Alex Rodriguez, now the third baseman for the New York Yankees, was listed as the team’s top unsecured creditor. He is still owed about $24.9 million in deferred compensation from his earlier Rangers contract, according to court documents.
The club, which plays in Arlington, is the second Major League Baseball team to enter bankruptcy in less than a year. The Chicago Cubs in October joined owner Tribune Co. in Chapter 11 as part of that team’s sale.
Michael McCann, a sports-law expert and professor at Vermont Law School, said the bankruptcy proceedings of the National Hockey League’s Phoenix Coyotes may be a model for how a contested Rangers bankruptcy and sale could unfold.

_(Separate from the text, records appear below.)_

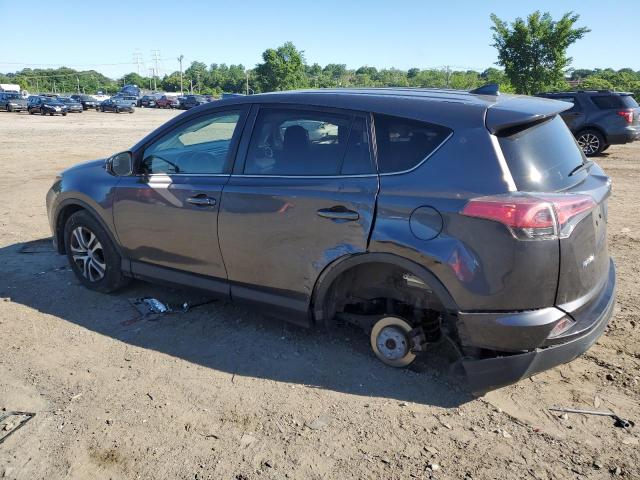 Photo 2 from auction – 2018 TOYOTA RAV4 LE with VIN JTMBFREV0JJ248051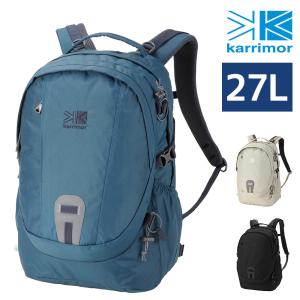 最大P+16% カリマー リュックサック ザックパック バックパック 27L A3 B4 A4 karrimor アルパイン×トレッキング イクリプス27 メンズ レディース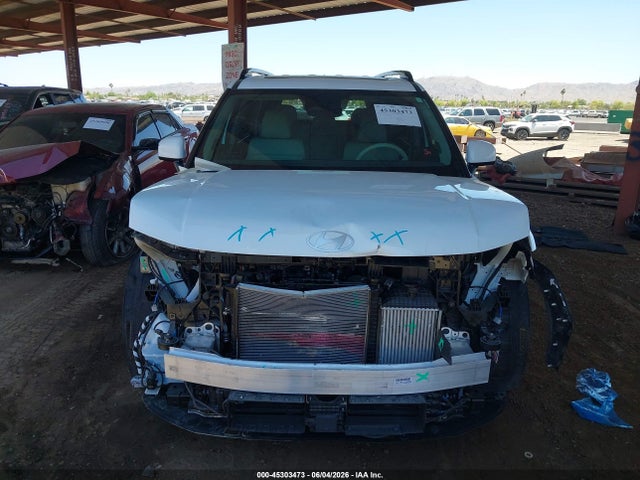 Hyundai Santa Fe Limited 2024 5NMP44GL4RH037320 Image 6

In May 2009, the Coyotes filed for Chapter 11 protection from creditors and agreed to be acquired by an owner who wanted to move the team to Hamilton, Ontario. The NHL objected, seeking to keep the team in Phoenix and arguing the league, not the team owner, was in control of the troubled franchise.
A U.S. Bankruptcy Court judge ordered mediation between team and league and then presided over a series of hearings before setting up an auction that resulted, last November, in the Coyotes being sold to the NHL.
“Generally, courts try to take the course that’s least disruptive to the business,” McCann said.
The Rangers sale will be completed as part of a prepackaged reorganization plan for Texas Rangers Baseball Partners, the company said yesterday in a statement.
Under the plan, the company will sell the team to the investors in a transaction valued at about $575 million. That includes the investors taking on some debt, and a separate deal with another Hicks company to sell about 153 acres of land around the ballpark in return for cash, notes and an ownership interest in the group buying the team. The investors required the land as part of the agreement.
“This plan to complete the sale of the Texas Rangers serves the best interests of the team, its fans, MLB and all other parties involved,” Allan H. ‘Bud’ Selig, the commissioner of Major League Baseball, said in the statement.
The league agreed to provide the Rangers with a loan to ensure the team can meet its obligations while the sale awaits court approval.
Hicks bought the team for $250 million in 1998 from an investor group that included then-Texas Governor George W. Bush. The value of the team fell to $405 million last year from $412 million in 2008, Forbes magazine reported in April.
The franchise, which began play in 1961 as the expansion Washington Senators after the longtime Senators franchise relocated to Minnesota, moved to Texas for the 1972 season. The team has made the playoffs three times, never making it past the first round.
In 2000, the Rangers signed Rodriguez to a 10-year, $252 million contract, then the biggest in history. Rodriguez was traded to New York in February 2004 in exchange for then All-Star second baseman Alfonso Soriano and infielder Joaquin Arias. Texas also agreed to pay about $67 million of the $179 million that remained on Rodriguez’s contract.
A message left at the office of Scott Boras, Rodriguez’s agent, wasn’t immediately returned yesterday.
After Rodriguez, the next five unsecured creditors are also players or former players for the Rangers. They are: Kevin Millwood, a pitcher for the Baltimore Orioles ($12.9 million); Rangers third baseman Michael Young ($3.9 million); Los Angeles Dodgers pitcher Vicente Padilla ($1.7 million); Mickey Tettleton, who retired from the Rangers in 1997 ($1.4 million); and Mark McLemore, a former Rangers second baseman who retired from the Oakland A’s in 2004 ($970,000).
Hicks, 64, who served as chairman of private-equity firm Hicks, Muse, Tate & Furst Inc. from 1989 through 2004, also is trying to sell the Liverpool Football Club, the 18-time English soccer champion that Hicks co-owns with George Gillett.
Dallas-based Hicks Sports said in a statement in February that it was also exploring a possible sale of the Dallas Stars of the National Hockey League.
The case is In re Texas Rangers Baseball Partners, 10-43400, U.S. Bankruptcy Court, Northern District of Texas (Fort Worth).